Admiral Spicer, thank you for the introduction. To the US Naval Institute and AFCEA West — thank you for having me and everyone who worked to make this event possible. And thank you to the San Diego Military Advisory Council for hosting this morning’s breakfast and what they do for our Navy and Marine Corps service members and their families. It is greatly appreciated.
I also want to thank President Trump, not just for his leadership, but for his urgent call to action and decisive decision making. Under his leadership America is back. American companies are bringing their production lines back home. Our manufacturing sector is surging forward with unprecedented momentum, unveiling multi-billion dollar investments to onshore production. U.S. GDP has surged 5.6%. The latest job report showed the largest increase in more than a year — even the beleaguered manufacturing industry added jobs for the first time since November of 2024. American industry is resurgent and the Golden Fleet exists because the President looked at the world as it is, not as we wish it to be and said plainly: Move faster. Build smarter.

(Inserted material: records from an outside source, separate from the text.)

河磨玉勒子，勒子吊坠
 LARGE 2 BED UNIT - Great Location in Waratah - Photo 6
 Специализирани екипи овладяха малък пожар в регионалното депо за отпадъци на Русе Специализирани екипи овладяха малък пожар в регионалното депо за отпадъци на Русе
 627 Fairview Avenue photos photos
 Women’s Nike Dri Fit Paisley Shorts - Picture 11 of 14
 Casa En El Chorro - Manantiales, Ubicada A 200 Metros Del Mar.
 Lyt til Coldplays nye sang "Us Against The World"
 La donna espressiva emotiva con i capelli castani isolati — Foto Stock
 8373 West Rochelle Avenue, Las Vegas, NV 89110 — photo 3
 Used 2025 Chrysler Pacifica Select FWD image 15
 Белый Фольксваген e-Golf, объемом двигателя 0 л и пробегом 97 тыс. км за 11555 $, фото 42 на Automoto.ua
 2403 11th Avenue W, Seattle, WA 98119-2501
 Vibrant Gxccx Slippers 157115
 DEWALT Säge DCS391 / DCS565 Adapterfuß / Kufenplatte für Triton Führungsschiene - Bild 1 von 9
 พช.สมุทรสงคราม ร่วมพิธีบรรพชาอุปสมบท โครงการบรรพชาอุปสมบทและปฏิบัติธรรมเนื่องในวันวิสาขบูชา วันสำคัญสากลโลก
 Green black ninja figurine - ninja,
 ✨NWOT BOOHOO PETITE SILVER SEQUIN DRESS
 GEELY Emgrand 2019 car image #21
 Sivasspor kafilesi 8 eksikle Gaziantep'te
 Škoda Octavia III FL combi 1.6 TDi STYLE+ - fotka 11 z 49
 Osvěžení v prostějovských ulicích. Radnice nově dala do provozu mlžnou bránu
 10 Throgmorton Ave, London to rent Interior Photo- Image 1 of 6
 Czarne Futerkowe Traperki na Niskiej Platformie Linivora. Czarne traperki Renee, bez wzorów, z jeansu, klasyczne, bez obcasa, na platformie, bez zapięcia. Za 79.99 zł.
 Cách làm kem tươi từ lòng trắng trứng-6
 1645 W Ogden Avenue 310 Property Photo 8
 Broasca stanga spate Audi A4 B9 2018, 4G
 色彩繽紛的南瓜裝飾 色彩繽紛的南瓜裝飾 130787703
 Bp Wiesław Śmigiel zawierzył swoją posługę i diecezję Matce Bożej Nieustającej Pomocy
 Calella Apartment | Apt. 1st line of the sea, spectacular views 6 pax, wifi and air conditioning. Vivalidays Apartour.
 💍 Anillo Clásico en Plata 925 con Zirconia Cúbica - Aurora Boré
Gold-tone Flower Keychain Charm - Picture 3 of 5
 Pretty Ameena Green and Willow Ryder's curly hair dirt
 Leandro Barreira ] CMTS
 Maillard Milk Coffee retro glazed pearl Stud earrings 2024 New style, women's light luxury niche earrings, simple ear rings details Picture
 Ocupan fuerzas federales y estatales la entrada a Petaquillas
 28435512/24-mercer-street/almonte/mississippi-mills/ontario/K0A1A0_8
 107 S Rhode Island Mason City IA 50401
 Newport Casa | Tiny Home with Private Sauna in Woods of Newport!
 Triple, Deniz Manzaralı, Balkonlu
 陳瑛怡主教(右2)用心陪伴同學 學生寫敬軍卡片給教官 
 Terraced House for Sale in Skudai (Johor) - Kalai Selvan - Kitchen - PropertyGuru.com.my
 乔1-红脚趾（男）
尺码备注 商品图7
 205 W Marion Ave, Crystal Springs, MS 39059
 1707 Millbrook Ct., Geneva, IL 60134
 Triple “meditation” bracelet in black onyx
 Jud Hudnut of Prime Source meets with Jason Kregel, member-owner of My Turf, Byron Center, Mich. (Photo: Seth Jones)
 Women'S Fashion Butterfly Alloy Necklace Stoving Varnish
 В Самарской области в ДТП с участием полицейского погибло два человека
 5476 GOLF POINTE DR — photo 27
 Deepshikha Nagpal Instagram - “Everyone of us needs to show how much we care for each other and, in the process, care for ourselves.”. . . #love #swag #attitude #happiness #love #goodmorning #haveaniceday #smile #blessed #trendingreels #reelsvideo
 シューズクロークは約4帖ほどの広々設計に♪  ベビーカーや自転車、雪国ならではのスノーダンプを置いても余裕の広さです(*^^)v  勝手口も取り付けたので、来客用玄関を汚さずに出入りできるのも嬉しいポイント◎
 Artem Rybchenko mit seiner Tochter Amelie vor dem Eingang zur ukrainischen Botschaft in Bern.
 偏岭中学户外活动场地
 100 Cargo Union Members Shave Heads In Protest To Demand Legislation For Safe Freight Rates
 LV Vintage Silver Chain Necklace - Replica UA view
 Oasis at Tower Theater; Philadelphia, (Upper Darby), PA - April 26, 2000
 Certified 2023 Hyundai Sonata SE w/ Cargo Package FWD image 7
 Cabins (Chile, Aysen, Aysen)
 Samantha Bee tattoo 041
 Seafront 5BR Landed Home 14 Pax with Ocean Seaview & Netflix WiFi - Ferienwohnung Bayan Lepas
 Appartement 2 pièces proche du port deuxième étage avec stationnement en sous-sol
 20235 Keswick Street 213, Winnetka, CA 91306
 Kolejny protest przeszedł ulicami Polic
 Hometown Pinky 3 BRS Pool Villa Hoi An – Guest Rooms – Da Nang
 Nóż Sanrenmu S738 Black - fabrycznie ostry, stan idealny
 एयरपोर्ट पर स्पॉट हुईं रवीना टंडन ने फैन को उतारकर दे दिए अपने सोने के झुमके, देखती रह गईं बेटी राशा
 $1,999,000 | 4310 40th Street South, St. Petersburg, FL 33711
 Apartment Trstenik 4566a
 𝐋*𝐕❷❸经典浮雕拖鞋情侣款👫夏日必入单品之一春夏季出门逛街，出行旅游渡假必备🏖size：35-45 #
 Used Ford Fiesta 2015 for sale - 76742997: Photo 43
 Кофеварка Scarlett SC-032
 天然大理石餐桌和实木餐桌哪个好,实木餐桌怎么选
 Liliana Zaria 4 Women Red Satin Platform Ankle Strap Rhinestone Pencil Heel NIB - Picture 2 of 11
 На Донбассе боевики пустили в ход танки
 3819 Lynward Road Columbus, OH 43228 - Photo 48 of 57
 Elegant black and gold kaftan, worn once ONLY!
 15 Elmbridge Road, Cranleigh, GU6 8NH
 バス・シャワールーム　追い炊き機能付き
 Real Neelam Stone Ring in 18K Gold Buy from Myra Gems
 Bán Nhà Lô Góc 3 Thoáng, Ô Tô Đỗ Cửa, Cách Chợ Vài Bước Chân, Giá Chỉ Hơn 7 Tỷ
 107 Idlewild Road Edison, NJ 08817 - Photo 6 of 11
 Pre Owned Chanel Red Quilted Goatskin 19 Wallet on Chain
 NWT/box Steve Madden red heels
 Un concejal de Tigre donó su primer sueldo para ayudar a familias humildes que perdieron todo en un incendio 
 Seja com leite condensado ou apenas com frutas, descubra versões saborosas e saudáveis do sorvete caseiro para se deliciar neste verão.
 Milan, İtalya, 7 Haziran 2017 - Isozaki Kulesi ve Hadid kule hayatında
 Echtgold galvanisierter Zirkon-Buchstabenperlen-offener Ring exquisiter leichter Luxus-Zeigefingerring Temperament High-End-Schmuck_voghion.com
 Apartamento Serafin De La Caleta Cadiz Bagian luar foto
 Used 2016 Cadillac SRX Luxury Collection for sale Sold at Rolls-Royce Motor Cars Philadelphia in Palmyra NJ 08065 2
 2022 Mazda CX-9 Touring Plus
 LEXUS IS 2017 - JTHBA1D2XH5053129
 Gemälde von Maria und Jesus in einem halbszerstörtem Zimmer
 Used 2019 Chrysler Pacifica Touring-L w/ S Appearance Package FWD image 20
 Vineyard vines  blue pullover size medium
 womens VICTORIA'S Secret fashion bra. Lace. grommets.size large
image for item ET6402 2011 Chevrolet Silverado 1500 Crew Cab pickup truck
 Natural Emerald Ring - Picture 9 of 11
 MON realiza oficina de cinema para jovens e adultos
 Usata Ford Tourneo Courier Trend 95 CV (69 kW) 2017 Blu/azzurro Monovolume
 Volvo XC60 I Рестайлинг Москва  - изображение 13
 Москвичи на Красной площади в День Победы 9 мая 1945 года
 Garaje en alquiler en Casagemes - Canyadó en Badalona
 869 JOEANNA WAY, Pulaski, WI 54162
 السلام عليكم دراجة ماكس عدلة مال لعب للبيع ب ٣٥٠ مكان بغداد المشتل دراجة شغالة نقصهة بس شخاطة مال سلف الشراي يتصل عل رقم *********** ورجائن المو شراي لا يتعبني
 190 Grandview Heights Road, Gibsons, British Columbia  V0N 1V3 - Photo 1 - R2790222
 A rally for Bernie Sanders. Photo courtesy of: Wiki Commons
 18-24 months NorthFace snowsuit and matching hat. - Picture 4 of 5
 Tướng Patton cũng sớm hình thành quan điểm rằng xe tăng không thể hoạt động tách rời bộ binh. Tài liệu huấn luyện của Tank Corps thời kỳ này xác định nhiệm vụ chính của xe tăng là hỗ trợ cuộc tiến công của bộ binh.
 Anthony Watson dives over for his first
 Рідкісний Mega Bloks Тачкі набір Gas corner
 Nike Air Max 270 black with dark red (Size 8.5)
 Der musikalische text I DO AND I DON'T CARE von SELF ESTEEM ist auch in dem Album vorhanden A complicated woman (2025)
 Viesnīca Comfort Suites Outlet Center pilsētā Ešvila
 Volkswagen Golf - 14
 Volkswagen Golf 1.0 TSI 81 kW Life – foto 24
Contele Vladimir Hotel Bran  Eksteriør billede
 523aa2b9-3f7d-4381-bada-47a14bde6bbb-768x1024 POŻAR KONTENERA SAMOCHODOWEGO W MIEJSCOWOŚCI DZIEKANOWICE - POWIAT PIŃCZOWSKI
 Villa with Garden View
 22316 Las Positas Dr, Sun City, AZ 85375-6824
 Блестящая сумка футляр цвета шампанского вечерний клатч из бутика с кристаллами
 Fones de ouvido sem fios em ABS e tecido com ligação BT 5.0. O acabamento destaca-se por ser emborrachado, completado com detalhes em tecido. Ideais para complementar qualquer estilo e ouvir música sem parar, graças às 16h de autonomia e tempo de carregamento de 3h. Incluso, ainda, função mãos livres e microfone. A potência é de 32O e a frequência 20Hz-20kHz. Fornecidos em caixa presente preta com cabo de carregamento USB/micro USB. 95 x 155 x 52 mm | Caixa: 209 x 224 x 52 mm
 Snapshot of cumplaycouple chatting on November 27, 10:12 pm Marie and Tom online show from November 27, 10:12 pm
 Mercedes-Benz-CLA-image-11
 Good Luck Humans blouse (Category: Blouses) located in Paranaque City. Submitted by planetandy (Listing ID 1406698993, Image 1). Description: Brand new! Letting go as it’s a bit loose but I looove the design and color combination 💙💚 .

Deliver capability now.
President Trump’s Golden Fleet reflects an America First commitment to national security, American industry, the American worker and Taxpayer. The era of accepting delays, underperformance and readiness-eroding backlogs without consequence is over. That sense of urgency matters; because today, we are no longer competing on intent, rhetoric, or aspiration. We are competing on speed, scale, and execution.
And I want to be very clear with this audience: the Golden Fleet is not a political slogan, or just the battleship. The Golden Fleet is America’s shipbuilding renaissance, restoring American industrial power, integrating unmanned and AI enabled systems, and partnering with the private sector to deliver capability at the speed of relevance. Today, I will leave you with what the Golden Fleet is, what has been broken, and how unmanned, AI and industry partnerships focused on delivering capability are critical enablers across the three pillars of the Golden Fleet.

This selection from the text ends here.